Campaigners have won the right to appeal against an injunction which they say impinges on the right to peaceful protest against fracking company INEOS.

Posted on 08 June 2018

Two anti-fracking campaigners have won the right to appeal an injunction granted by the High Court.

Joseph Boyd, represented by Leigh Day, and fellow campaigner, Joseph Corré, represented by Bhatt Murphy Solicitors, opposed an interim injunction granted to fracking company INEOS in July last year.

In July 2017, INEOS - which has been awarded the most fracking licences by the UK Government - was granted the injunction against campaigners in relation to eight sites across England, where fracking was planned or under investigation by INEOS.

The injunction also applied to contractors, sub-contractors and other entities which make up INEOS’ supply chain.

Rosa Curling, solicitor at law firm Leigh Day, who represents Mr Boyd, said: “This judgment is good news for campaigners.

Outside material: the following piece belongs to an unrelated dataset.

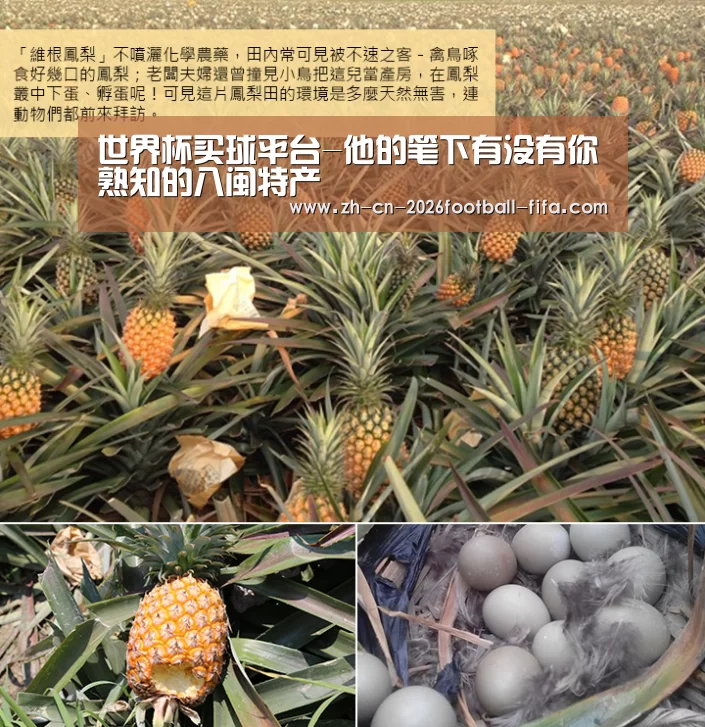 世界杯买球平台-他的笔下有没有你熟知的八闽特产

It is crucial the Court of Appeal looks at the High Court judgment.

“Other companies are relying on the High Court decision to obtain similar injunctions preventing protest. It has also been cited as justification for a conviction in a criminal case. It is vital this case is heard by the Court of Appeal as soon as possible. Free speech and a right to peacefully protest are at the heart of any effective democracy.

“The current injunction has wide-ranging implications that reach far beyond the issue of fracking. This case represents the right that all of us have to stand up and say that we don’t agree with something without facing the fear of arrest and imprisonment.”

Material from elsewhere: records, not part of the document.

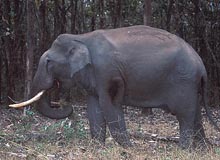 Nagarhole Rajiv Gandhi National Park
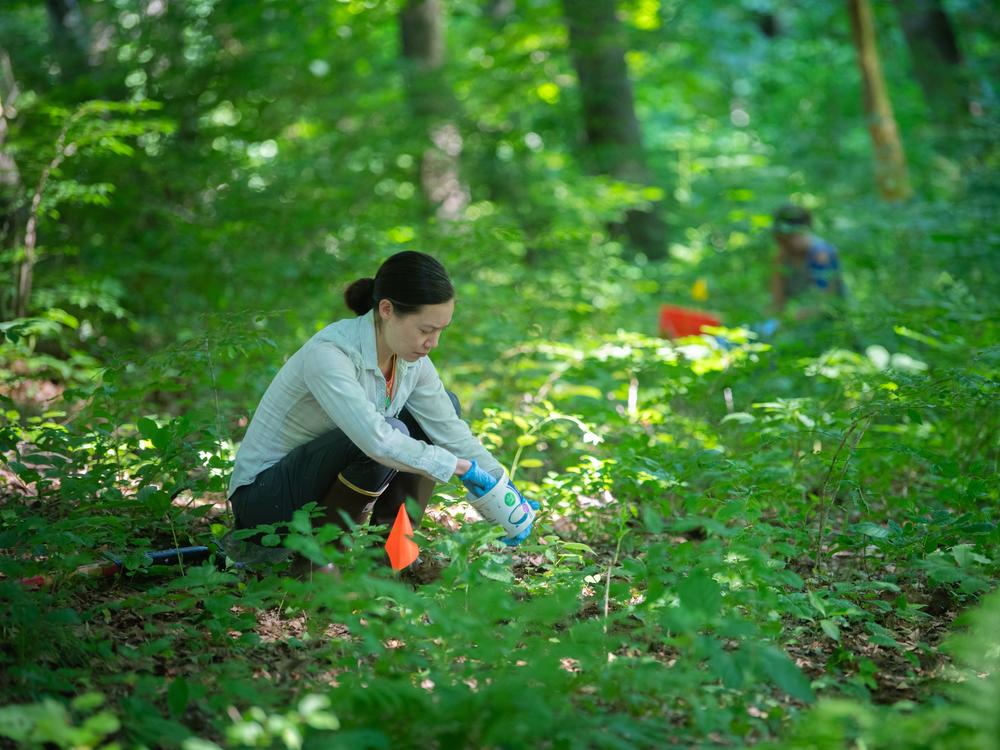 Dr. Erin McCullough collecting dung beetles in Massachusetts in July.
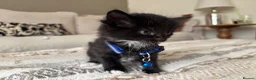 Mixed Breed cats for sale: Cute tuxedo kittens.   - Advert 8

Under the terms of the current injunction, people are forbidden from ‘obstructing, impeding or interfering with the lawful activities’ of INEOS staff and their contractors, she said. Anyone who is found to have breached the injunction is liable to arrest and a prison sentence of up to two years and/or a fine up to £5,000.

Joseph Boyd said: “The High Court judgment has wide ranging impacts on not only those involved in the campaign against climate change and fossil fuels, but also anyone who wishes to express opposition against any potentially controversial industry.

“I don’t think that people should be constrained to banner waving and petition signing in order to protect the environment and the health of their families and future generations. I very much hope the Court of Appeal will act to uphold the fundamental right to protest peacefully against deeply problematic and divisive industries such as fracking. Our right to peacefully protest is a core value in this country’s democratic history.”